Name Type Description Default
repository_url str

str - URI of the Python project's repository on GitHub.

required
path str

str - The path to the root directory of the Python project.

required

Returns:

Type Description
None

None. The method generates workflow for MkDocs documentation of a current project.

extract_pure_docstring(gpt_response) staticmethod

Extracts only the docstring from the GPT response while keeping triple quotes. Handles common formatting issues like Markdown blocks, extra indentation, and missing closing quotes.

Parameters:

Name Type Description Default
gpt_response str

Full response string from LLM.

required

Returns:

Type Description
str

A properly formatted Python docstring string with triple quotes.

format_structure_openai(structure) staticmethod

Formats the structure of Python files in a readable string format.

This method iterates over the given dictionary 'structure' and generates a formatted string where it describes each file, its classes and functions along with their details such as line number, arguments, return type, source code and docstrings if available.

Returns:

Type Description
str

A formatted string representing the structure of the Python files.

format_with_black(filename) staticmethod

Formats a Python source code file using the black code formatter.

This method takes a filename as input and formats the code in the specified file using the black code formatter.
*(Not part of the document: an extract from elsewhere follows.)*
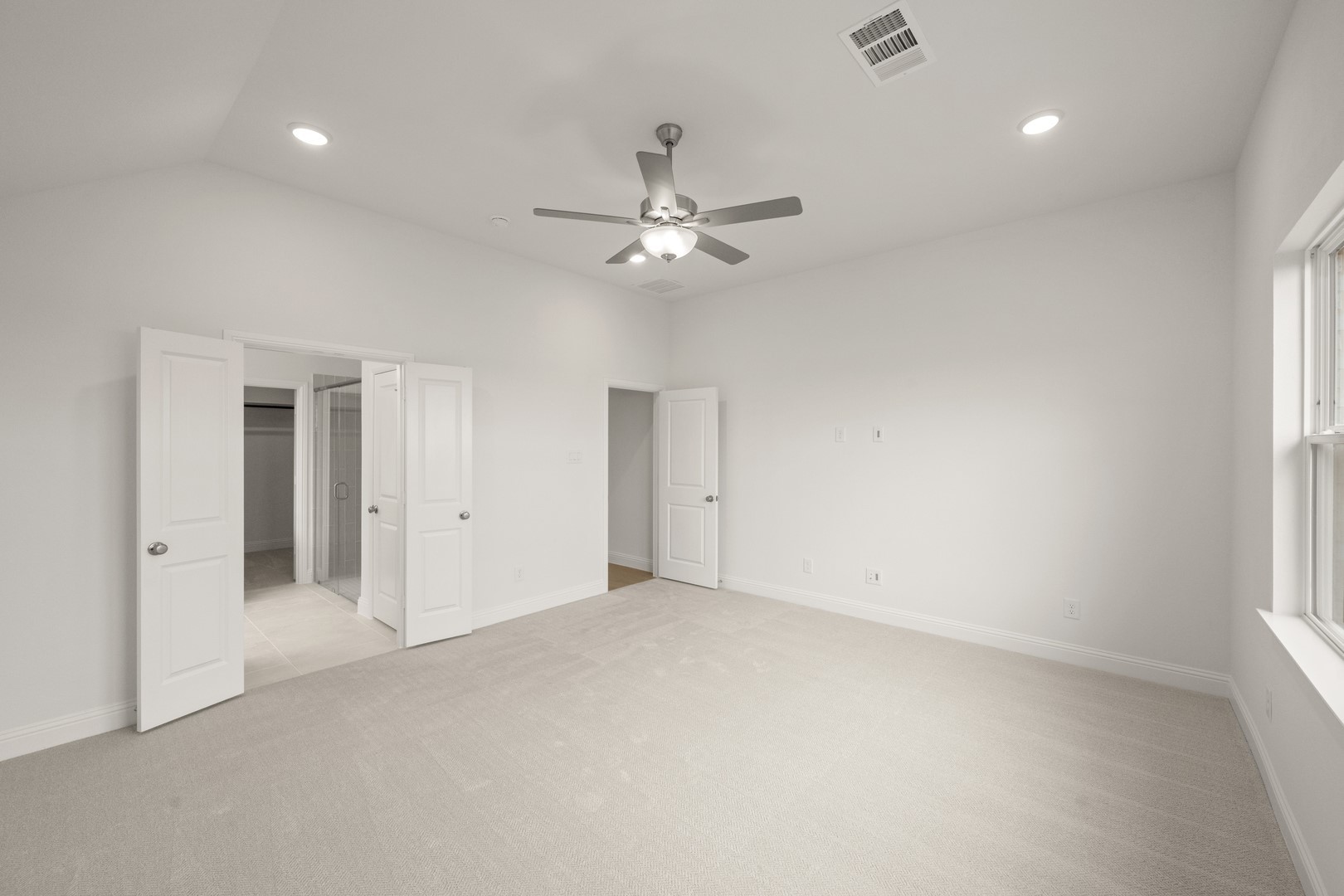 1023 Wheatland Justin TX 76247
Parameters: - filename: The path to the Python source code file to be formatted.

Returns:

Type Description
None

None

generate_class_documentation(class_details, semaphore) async

Generate documentation for a class.

Parameters:

Name Type Description Default
class_details list

A list of dictionaries containing method names and their docstrings.

required
semaphore Semaphore

synchronous primitive that implements limitation of concurrency degree to avoid overloading api.

required

generate_documentation_mkdocs(path, files_info, modules_info)

Generates MkDocs documentation for a Python project based on provided path.

Parameters:

Name Type Description Default
path str

str - The path to the root directory of the Python project.

required

Returns:

Type Description
None

None. The method generates MkDocs documentation for the project.

generate_method_documentation(method_details, semaphore, context_code=None) async

Generate documentation for a single method.

insert_cls_docstring_in_code(source_code, class_name, generated_docstring) staticmethod

Inserts or replaces a class-level docstring for a given class name.

Parameters:

Name Type Description Default
source_code str

The full source code string.

required
class_name str

Name of the class to update.

required
generated_docstring str

The new docstring (raw response from LLM).

required

Returns:

Type Description
str

Updated source code with the inserted or replaced class docstring.

insert_docstring_in_code(source_code, method_details, generated_docstring, class_method=False) staticmethod

Inserts or replaces a method-level docstring in the provided source code, using the method's body from method_details['source_code'] to locate the method. Handles multi-line signatures, decorators, async definitions, and existing docstrings.

strip_docstring_from_body(body) staticmethod

Method to trimm method's body from docstring

summarize_submodules(project_structure, rate_limit=20) async

This method performs recursive traversal over given parsed structure of a Python codebase and generates short summaries for each directory (submodule).

Parameters:

Name Type Description Default
project_structure dict[str, Any]

A dictionary representing the parsed structure of the Python codebase. The dictionary keys are filenames and the values are lists of dictionaries representing classes and their methods.

required
rate_limit int

A number of maximum concurrent requests to provided API

20

update_class_documentation(class_details, semaphore) async

Generate documentation for a class.

Parameters:

Name Type Description Default
class_details list

A list of dictionaries containing method names and their docstrings.

required
semaphore Semaphore

synchronous primitive that implements limitation of concurrency degree to avoid overloading api.

required

update_method_documentation(method_details, semaphore, context_code=None, class_name=None) async

Update documentation for a single method.